Exercise data:

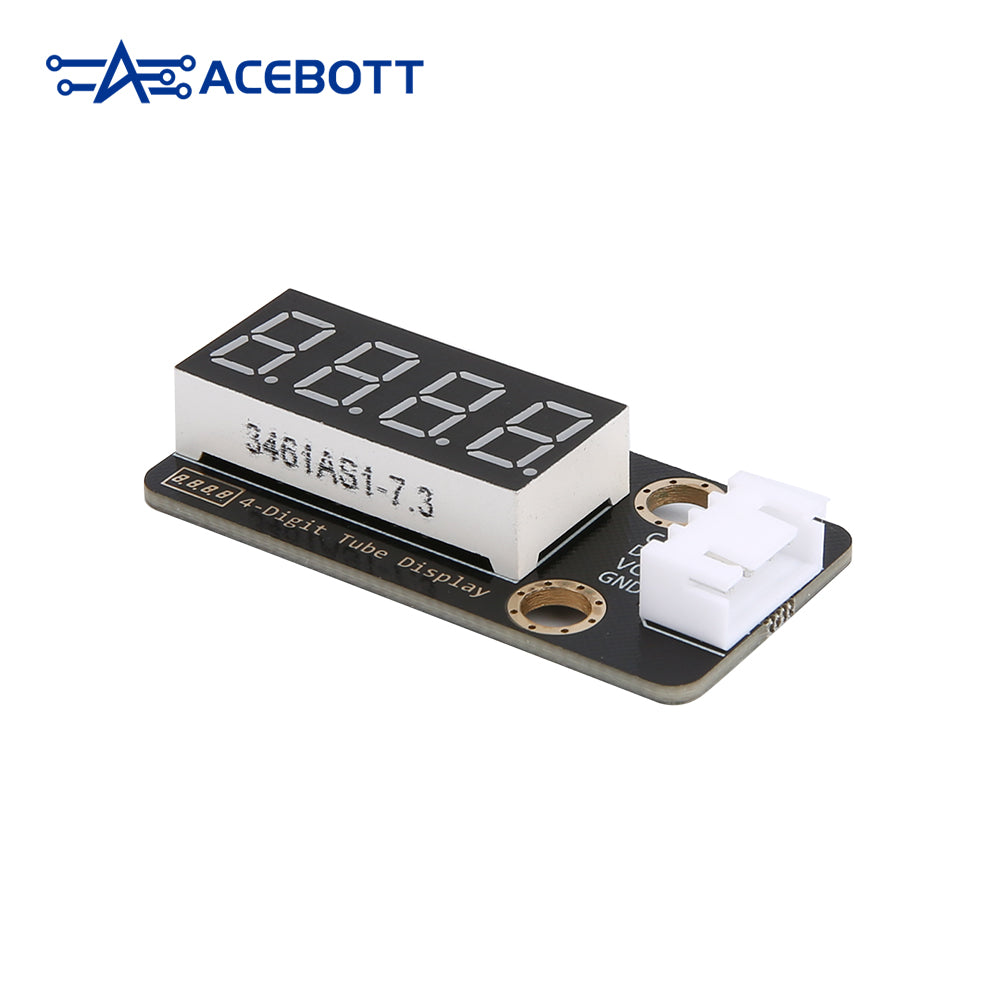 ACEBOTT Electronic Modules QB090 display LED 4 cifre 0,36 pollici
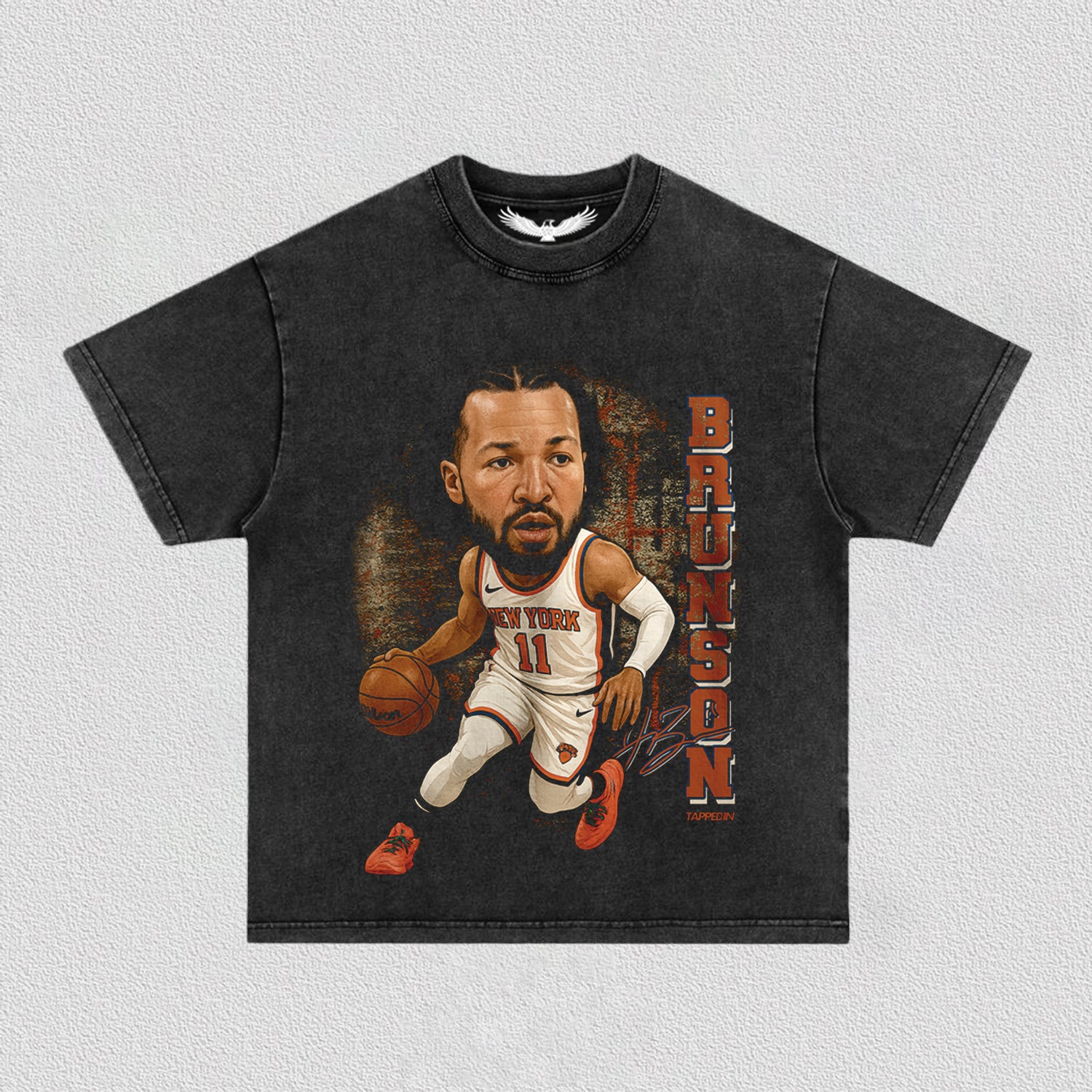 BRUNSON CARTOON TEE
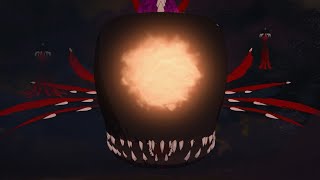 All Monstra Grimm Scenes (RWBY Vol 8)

About this exercise: What is wanted is the listing, written out exactly, with each picture removed.

Solution:
 ACEBOTT Electronic Modules QB090 display LED 4 cifre 0,36 pollici
 BRUNSON CARTOON TEE
 All Monstra Grimm Scenes (RWBY Vol 8)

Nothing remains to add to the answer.